"Ce sont les maisons d'édition moyennes qui m'inquiètent"

"Ce sont les maisons d'édition moyennes qui m'inquiètent"

Spécialiste des industries culturelles, l'économiste Françoise Benhamou note une fragilisation du continuum qui s'étire des grands groupes aux plus petits éditeurs.

J’achète l’article 1.5 €

Par Fabrice Piault
avec Créé le 28.10.2014 à 17h36 ,
Mis à jour le 23.04.2015 à 10h06

Françoise Benhamou.- Photo OLIVIER DION

L'hyperconcentration de l'édition était presque inscrite dans l'histoire", estime Françoise Benhamou. Interrogée par Livres Hebdo sur la signification de la fusion Penguin-Random House pour l'organisation du tissu éditorial, l'économiste, professeure des universités, membre de l'Arcep (Autorité de régulation des communications électroniques et des postes), et par ailleurs blogueuse sur notre site Livreshebdo.fr, voit dans ce mouvement la résultante "à la fois de la crise et de la mondialisation".

Livres Hebdo -Avec la fusion Penguin-Random House, l'édition est finalement rattrapée par la mondialisation ? Françoise Benhamou - Elle était longtemps restée à l'écart, mais elle s'y trouve désormais entraînée comme les autres secteurs économiques.

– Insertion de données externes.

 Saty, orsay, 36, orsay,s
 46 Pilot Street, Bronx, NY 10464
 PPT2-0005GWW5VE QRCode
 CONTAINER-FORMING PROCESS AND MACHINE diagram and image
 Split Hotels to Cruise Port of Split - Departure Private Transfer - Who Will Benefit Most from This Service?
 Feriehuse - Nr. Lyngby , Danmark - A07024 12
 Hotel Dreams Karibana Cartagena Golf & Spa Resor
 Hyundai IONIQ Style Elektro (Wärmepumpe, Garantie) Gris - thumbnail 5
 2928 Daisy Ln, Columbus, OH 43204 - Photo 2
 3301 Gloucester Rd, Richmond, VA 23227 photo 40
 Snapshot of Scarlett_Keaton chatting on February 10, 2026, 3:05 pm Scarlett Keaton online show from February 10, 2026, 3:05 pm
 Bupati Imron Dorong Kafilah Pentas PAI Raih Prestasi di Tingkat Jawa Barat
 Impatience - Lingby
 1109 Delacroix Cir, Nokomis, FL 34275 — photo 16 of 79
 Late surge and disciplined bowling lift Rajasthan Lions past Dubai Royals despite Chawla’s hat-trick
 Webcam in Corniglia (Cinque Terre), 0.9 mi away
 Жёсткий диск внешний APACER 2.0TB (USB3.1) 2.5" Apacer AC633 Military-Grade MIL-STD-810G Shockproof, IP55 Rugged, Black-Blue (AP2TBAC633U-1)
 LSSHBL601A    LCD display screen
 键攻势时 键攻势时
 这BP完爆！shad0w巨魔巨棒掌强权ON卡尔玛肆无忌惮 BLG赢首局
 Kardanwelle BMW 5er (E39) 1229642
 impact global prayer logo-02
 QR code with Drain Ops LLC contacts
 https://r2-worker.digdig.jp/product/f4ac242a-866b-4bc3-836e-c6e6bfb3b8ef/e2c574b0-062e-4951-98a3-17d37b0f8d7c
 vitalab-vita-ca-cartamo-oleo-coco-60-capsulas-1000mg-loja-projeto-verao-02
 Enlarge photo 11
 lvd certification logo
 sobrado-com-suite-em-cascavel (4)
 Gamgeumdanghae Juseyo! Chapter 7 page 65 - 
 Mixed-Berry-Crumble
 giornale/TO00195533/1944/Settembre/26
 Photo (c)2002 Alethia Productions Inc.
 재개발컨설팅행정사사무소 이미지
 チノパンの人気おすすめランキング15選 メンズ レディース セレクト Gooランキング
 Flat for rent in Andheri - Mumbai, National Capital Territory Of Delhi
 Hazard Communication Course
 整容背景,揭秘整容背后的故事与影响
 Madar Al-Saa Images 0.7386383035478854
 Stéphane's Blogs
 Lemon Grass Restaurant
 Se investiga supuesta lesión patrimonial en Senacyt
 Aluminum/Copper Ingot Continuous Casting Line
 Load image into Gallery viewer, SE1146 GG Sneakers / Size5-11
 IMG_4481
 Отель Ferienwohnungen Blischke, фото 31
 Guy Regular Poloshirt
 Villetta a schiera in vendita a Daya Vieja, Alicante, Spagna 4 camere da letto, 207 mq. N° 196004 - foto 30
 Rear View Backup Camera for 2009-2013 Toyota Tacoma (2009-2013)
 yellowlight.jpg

Il se trouve que, d'une manière générale, la mondialisation accroît les différences au sein des sociétés et les réduit entre les sociétés. Rapportée à l'édition, cette théorie économique signifie que les acheteurs globaux ont plus de chance de se faire entendre dans tous les pays, ce qui pousse à la concentration autour de groupes qui peuvent porter leur production partout.

Qu'est-ce que cela change dans le paysage de l'édition ?

Je me demande si le phénomène de longue traîne que l'on observe dans la consommation avec, à côté des best-sellers, une longue série de petites ventes, n'est pas en train de se dupliquer au niveau des producteurs, avec des mastodontes mais aussi de nouveaux espaces pour de toutes petites structures. On assiste à une baisse des barrières et des coûts d'entrée dans l'édition, et même, grâce au numérique, dans la diffusion et la distribution, tandis que peuvent aussi se créer facilement des "pure players" numériques. Du coup, ce qui m'inquiète, c'est ce qui se passe pour les maisons moyennes, au milieu de cette espèce de longue traîne, entre les grands groupes et les petites structures. Il y a toujours un continuum, mais c'est aujourd'hui surtout aux deux extrémités qu'il se passe quelque chose, autour du numérique et des nouvelles pratiques d'un côté, au niveau des mastodontes de l'autre.

Comment les métiers de l'édition évoluent-ils dans ce contexte ?

Les métiers se trouvent évidemment transformés par la globalisation, qui donne plus de place aux grands groupes et plus d'importance aux ventes de droits. Les éditeurs sont aussi confrontés aux défis de l'investissement des réseaux sociaux et des communautés. Or, ces préoccupations sont aujourd'hui plus portées par les petites structures de la longue traîne, ainsi que par les géants qui disposent des moyens ad hoc, que par les éditeurs intermédiaires, qui s'appuient sur des techniques de promotion et de commercialisation encore très traditionnelles, surtout dans un pays comme la France où subsiste un réseau de librairies puissant. Les nouvelles voies de la prescription et de la promotion sont encore très peu explorées.